§ Exercise directions: Set down every line from the one with "Azerbaycan Ülkesi için Resimli Virüs Bayrağı" to the end of the entries, both ends included, exactly as it reads and without pictures.

═══ Available data

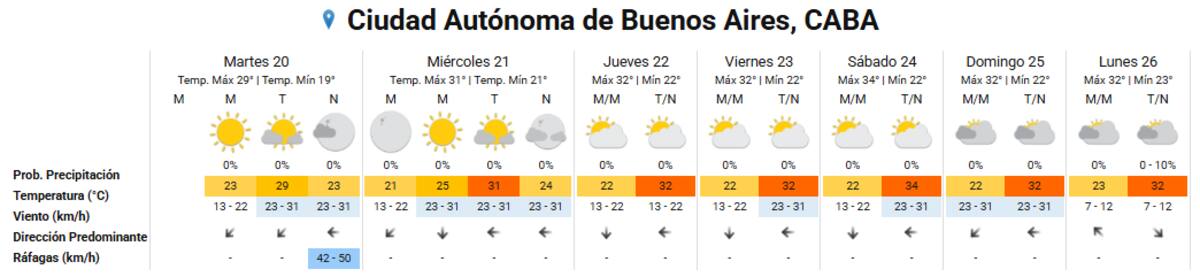 El clima extendido en Buenos Aires.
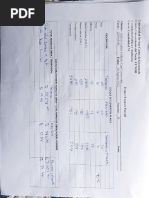 Andony Carlos Coronado Parcial Conta 20 PDF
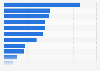 Umfrage zu Schwierigkeiten von Webshops beim Auslandsverkauf 2012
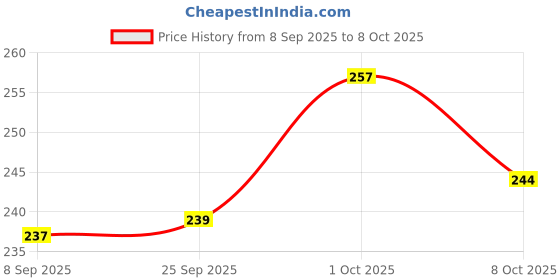 flipkart.com sheader Nexa X 1 Wicket Keeping/Tennis Cricket Inner Gloves with Air Smash Padded Wicket Keeping Gloves sheader Price History Graph from 8 Sep 2025 to 8 Oct 2025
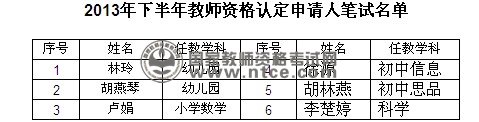 浙江省建德市2013年下半年教师资格认定申请人笔试名单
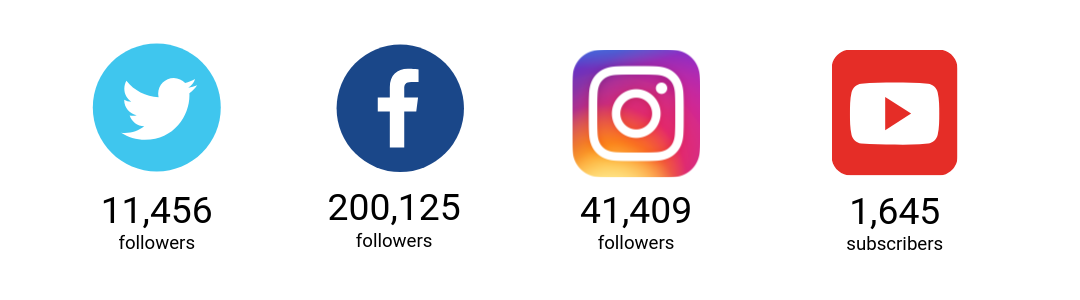 ZenMarket SNS followers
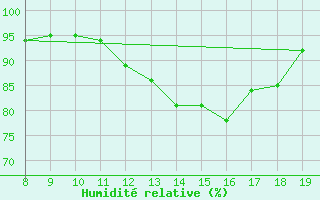 Courbe de l'humidit relative pour Courcouronnes (91)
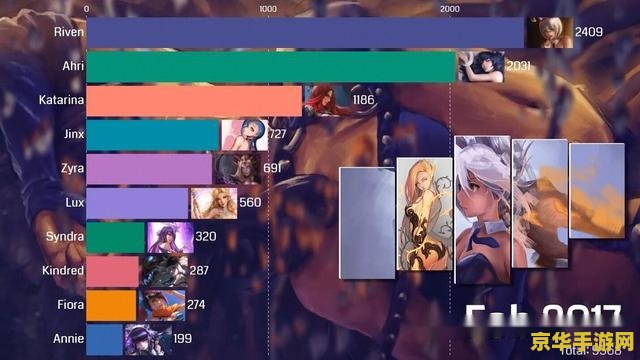 英雄联盟美女英雄排名 英雄联盟美女英雄魅力排行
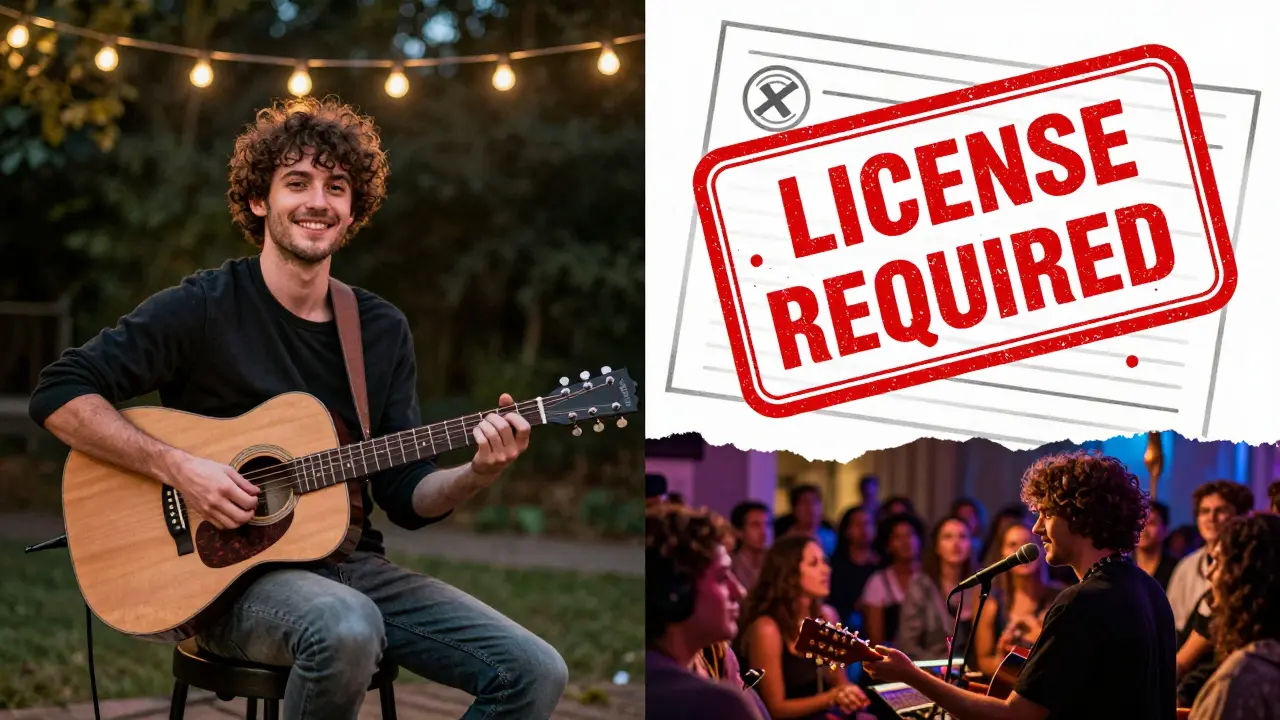 A musician playing original music on one side, and a cover song with a 'license required' stamp on the other.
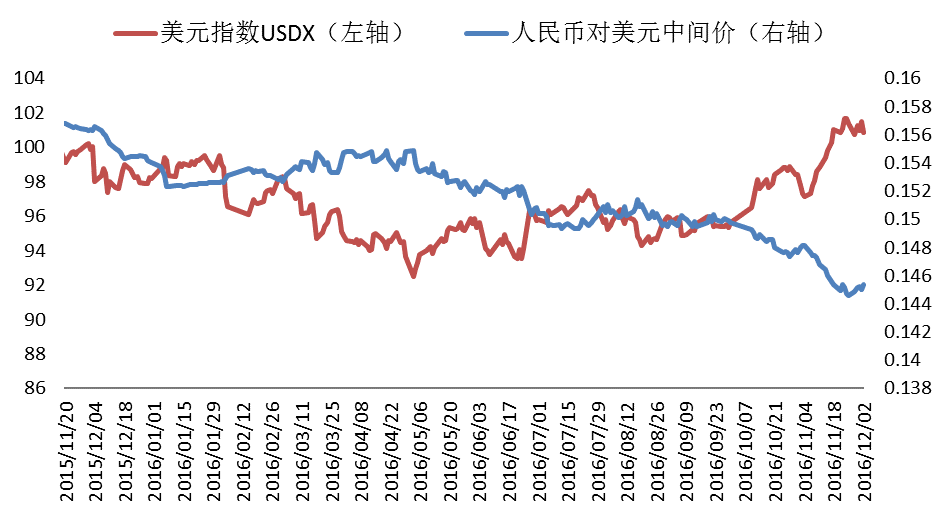 人民币指数实时动态，洞悉货币走势，把握经济趋势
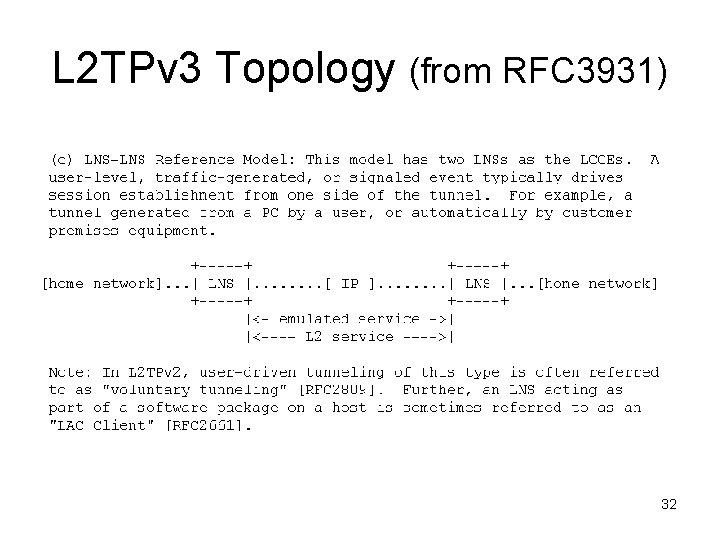 L 2 TPv 3 Topology (from RFC 3931) 32 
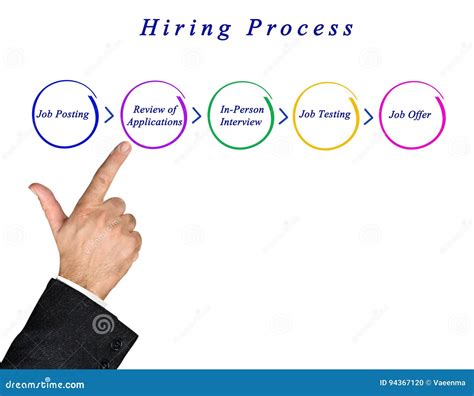 diagram  hiring process stock photo image  human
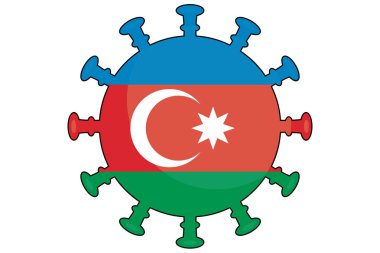 Azerbaycan Ülkesi için Resimli Virüs Bayrağı
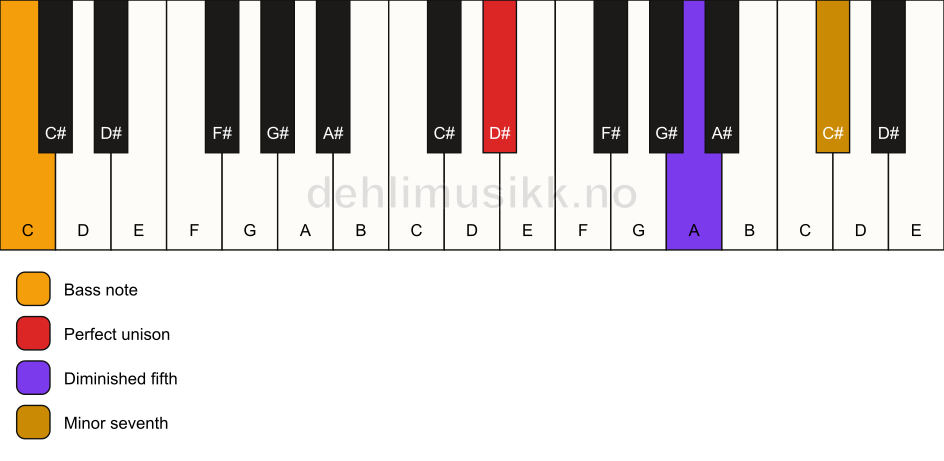 Piano keyboard showing the notes for a D# 7(b5)(sus)/C chord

══════

§ Output for this task:
 Azerbaycan Ülkesi için Resimli Virüs Bayrağı
 Piano keyboard showing the notes for a D# 7(b5)(sus)/C chord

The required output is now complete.